C’est ce préjugé ridicule, et pourtant si commun, que Philippe Pichot-Bravard bat en brèche dans ce livre remarquable et admirable qu’est Conserver l’ordre constitutionnel (XVIe-XIXe siècle). Docteur en droit, il dresse un tableau de trois siècles de lois fondamentales, avec autant de rigueur que de finesse, à l’aide d’une documentation fournie.
Philippe Pichot-Bavard commence son récit au XVIè siècle.
Avant les guerres de religion, les juristes distinguent la volonté éternelle du Roi et la volonté temporelle, et passagère, du roi. Il y a, d’une part, les lois du royaume, qui sont immuables, et, d’autre part, les lois du roi, qui sont modifiables. Bien que gouvernant par conseil, le roi est le gardien suprême de l’ordre constitutionnel formé par les lois du royaume. Celles-ci visent à garantir le règne de la justice de Dieu dans le royaume. Les lois sont légitimées non pas par leur origine, le respect d’une procédure, mais par leur finalité, qui doit être la justice.

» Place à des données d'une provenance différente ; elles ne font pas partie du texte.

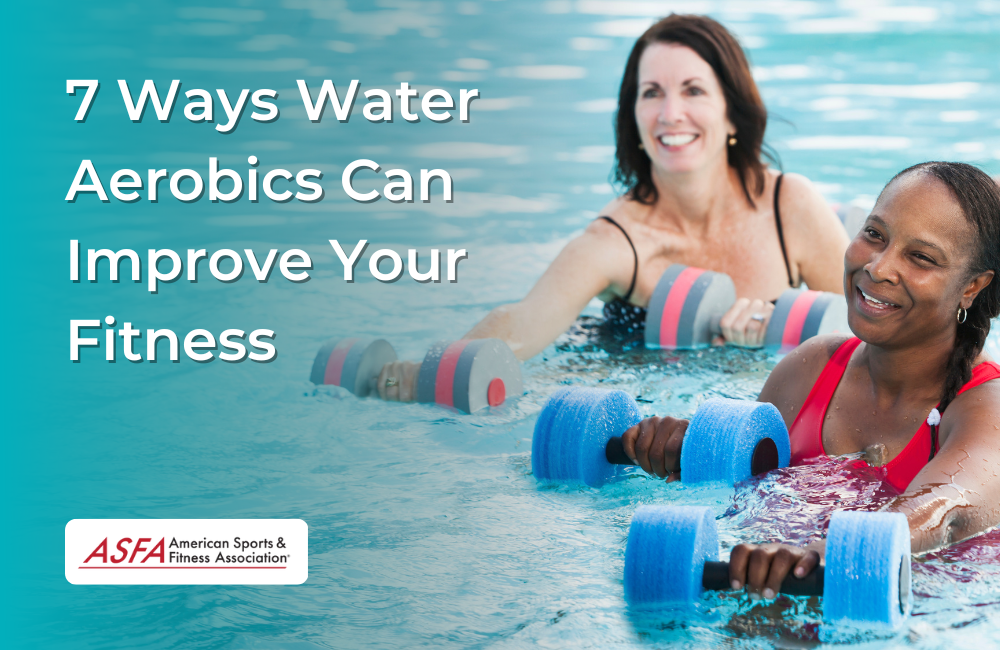 5 Simple Water Aerobics Exercises ASFA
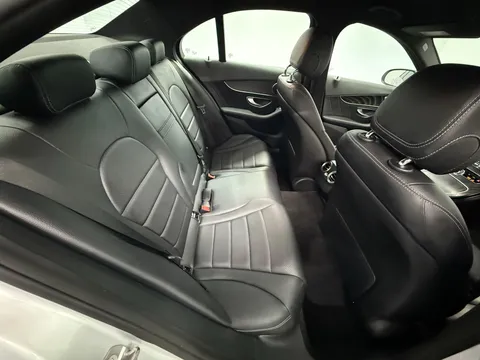 MERCEDES-BENZ C CLASS C220d AMG Line 4dr Auto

Les graves désordres des guerres de religion renforcent,in fine, la puissance de l’Etat. Néanmoins, sa finalité n’est plus la justice, mais sa propre conservation. L’Etat justicier, protecteur des libertés, devient un Etat-puissance, que les élites considèrent de plus en plus souvent comme une menace envers les libertés. Peu confiant dans l’humanité, les élites intellectuelles commencent à rechercher la protection des libertés ailleurs que dans la vertu du roi et de ses conseils. Pour eux, la loi est légitime parce qu’elle a respecté la procédure légale. A la suite de Montesquieu, la protection des libertés ne se fait plus dans la vertu des hommes, mais dans la vertu d’une constitution équilibrée. Au même moment, le triomphe des idées cartésiennes fait émerger le contractualisme.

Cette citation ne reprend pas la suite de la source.